Would you mind sharing the link, would love to see it. I don't know how to crochet but I'm taking a class soon and would love to see how something like this is made.


----------



## fergablu2 (Apr 30, 2011)

Not $10.75 cute.


----------



## beansmom (Jul 3, 2012)

woohoo...too cute and someting i can actually do properly...avid crocheter but still a baby on the knitting front


----------



## MzKnitCro (May 29, 2012)

Here is the generic search I did. I liked a lot of the videos, and thought this would give you an idea of what is on there.
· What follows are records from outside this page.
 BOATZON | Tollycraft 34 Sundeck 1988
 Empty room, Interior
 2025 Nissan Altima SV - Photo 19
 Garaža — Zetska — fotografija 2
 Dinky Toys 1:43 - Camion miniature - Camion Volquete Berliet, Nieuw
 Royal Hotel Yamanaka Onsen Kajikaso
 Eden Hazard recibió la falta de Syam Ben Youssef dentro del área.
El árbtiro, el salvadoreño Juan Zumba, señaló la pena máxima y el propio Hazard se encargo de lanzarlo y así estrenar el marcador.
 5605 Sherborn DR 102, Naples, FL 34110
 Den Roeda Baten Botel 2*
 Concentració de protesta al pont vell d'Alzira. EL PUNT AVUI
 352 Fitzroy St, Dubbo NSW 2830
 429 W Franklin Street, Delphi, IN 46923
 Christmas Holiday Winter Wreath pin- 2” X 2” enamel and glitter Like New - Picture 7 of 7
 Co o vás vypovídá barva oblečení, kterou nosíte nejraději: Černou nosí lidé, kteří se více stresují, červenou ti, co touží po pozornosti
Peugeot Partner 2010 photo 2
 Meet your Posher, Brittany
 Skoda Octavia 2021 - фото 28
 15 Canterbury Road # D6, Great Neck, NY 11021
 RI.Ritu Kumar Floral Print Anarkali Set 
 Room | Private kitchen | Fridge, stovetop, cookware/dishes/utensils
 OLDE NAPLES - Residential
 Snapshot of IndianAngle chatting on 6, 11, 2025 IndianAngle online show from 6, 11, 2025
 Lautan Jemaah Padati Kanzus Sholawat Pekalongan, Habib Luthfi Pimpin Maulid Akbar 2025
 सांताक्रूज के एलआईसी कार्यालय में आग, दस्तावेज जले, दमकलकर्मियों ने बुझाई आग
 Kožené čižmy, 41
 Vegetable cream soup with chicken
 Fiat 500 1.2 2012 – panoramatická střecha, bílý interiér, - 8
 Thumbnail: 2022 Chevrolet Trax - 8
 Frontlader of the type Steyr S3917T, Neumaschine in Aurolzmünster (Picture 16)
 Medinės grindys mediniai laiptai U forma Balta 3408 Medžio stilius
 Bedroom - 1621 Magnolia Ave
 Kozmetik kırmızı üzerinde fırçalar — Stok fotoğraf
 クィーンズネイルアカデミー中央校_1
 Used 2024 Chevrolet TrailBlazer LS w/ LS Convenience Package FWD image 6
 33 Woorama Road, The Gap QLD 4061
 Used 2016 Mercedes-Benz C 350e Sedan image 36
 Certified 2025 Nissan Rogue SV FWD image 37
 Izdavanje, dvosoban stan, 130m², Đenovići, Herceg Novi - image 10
I have to try them . Hope this works.

http://www.youtube.com/results?search_query=crochet+cowboy&oq=crochet+cowboy&gs_l=youtube.3..0l5.89.265.0.1299.2.2.0.0.0.0.111.163.1j1.2.0...0.0...1ac.6fh1qeeEzcw


----------



## MzKnitCro (May 29, 2012)

The lady doing the fedora/cowboy hat, said she provides size differences in the video. I haven't watched the whole thing yet.


----------



## sassycraft13 (Jul 24, 2012)

MzKnitCro said:


> Here is the generic search I did. I liked a lot of the videos, and thought this would give you an idea of what is on there. I have to try them . Hope this works.
> 
> http://www.youtube.com/results?search_query=crochet+cowboy&oq=crochet+cowboy&gs_l=youtube.3..0l5.89.265.0.1299.2.2.0.0.0.0.111.163.1j1.2.0...0.0...1ac.6fh1qeeEzcw


Thanks! This makes me even more excited for my crochet class in a couple weeks!


----------



## MzKnitCro (May 29, 2012)

Good Luck . If you find yourself wanting to give up at any point, don't. Crochet, once you get going, can be so much fun .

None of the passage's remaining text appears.